Ketika sampai di Stasiun Manggarai, saya terbangun untuk persiapan turun di Stasiun Gondangdia. Di sebelah barat nampak gagah barisan gedung pencakar langit. Itu adalah gedung-gedung di kawasan Kuningan dan Sudirman Jakarta.
Waduh, mendung, pikir saya. Perasaan tadi di Bojonggede langitnya cerah. Iya, langit Jakarta pagi itu seperti diselimuti mendung, lebih tepatnya seperti kabut kehitaman.
Polusi udara di Jakarta semakin parah
Siang hari ketika jam istirahat tiba, iseng-iseng saya membuka portal berita di komputer kantor. Foto langit Jakarta yang “berkabut” itu bertebaran. Beda banget sama langit Bojonggede yang tadi saya sebutkan cerah. Ternyata Jakarta tidak sedang baik-baik saja. Jakarta dikepung polusi udara parah.
Data dari situs IQAir per Jumat 11 Agustus 2023 pukul 08.00 WIB menyatakan bahwa kualitas udara Jakarta tidak sehat. Kualitas udara Jakarta menduduki peringkat 2 terburuk sedunia setelah Dubai dan diikuti selanjutnya oleh Hanoi.

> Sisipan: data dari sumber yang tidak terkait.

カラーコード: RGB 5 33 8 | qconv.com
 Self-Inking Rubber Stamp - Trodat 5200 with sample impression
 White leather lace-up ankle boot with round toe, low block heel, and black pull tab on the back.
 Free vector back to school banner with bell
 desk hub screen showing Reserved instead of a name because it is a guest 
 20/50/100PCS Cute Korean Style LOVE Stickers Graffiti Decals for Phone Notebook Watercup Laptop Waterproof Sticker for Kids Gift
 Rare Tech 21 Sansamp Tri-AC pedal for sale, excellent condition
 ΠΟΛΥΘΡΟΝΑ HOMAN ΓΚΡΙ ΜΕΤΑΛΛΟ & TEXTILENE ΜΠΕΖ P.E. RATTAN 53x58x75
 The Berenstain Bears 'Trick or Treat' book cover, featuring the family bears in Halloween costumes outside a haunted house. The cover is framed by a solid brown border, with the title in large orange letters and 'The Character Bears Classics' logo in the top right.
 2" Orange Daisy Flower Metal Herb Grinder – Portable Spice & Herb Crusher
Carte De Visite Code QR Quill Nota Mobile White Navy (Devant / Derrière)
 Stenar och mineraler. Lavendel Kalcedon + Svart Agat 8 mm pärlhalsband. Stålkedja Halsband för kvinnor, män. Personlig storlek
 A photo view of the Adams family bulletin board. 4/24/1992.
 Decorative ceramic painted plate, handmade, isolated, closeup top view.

Bahkan pada Minggu pagi (13/8) Jakarta telah menjadi juara dunia, terburuk sedunia. Saya menyampaikan data ini tidak ada hubungannya dengan prestasi dari tokoh nganu ataupun kegagalan dari tokoh nganu yang lain, lho, ya
Kenapa kondisi ini bisa terjadi? Bukankah Jakarta sudah biasa dengan polusi udara? Bukankah polusi itu sudah berlangsung puluhan tahun? Namanya saja kota besar, pasti ada mobil, motor, pabrik, ataupun orang orang merokok, kan.
Kualitas udara Jakarta memang buruk. Jutaan kendaraan mengeluarkan asapnya setiap hari. Cerobong asap pun tiada henti mengepul sepanjang hari. Tetapi saat ini benar-benar buruknya kelewatan. Bahkan saya sampai kaget melihat langit Jakarta yang beda banget sama langit di rumah saya di Bojonggede sana.
Berbagai pihak, instansi pemerintah, pakar, ahli, semuanya kompak berpendapat bahwa buruknya kualitas udara saat ini akibat kemarau. Penjelasan ilmiahnya, ketika hujan turun, polutan luruh oleh air. Sementara ketika musim kemarau, polutan terakumulasi di udara berhari-hari, berpuluh hari, bahkan berbulan-bulan.
Baca halaman selanjutnya: Dampak dari kualitas udara yang buruk…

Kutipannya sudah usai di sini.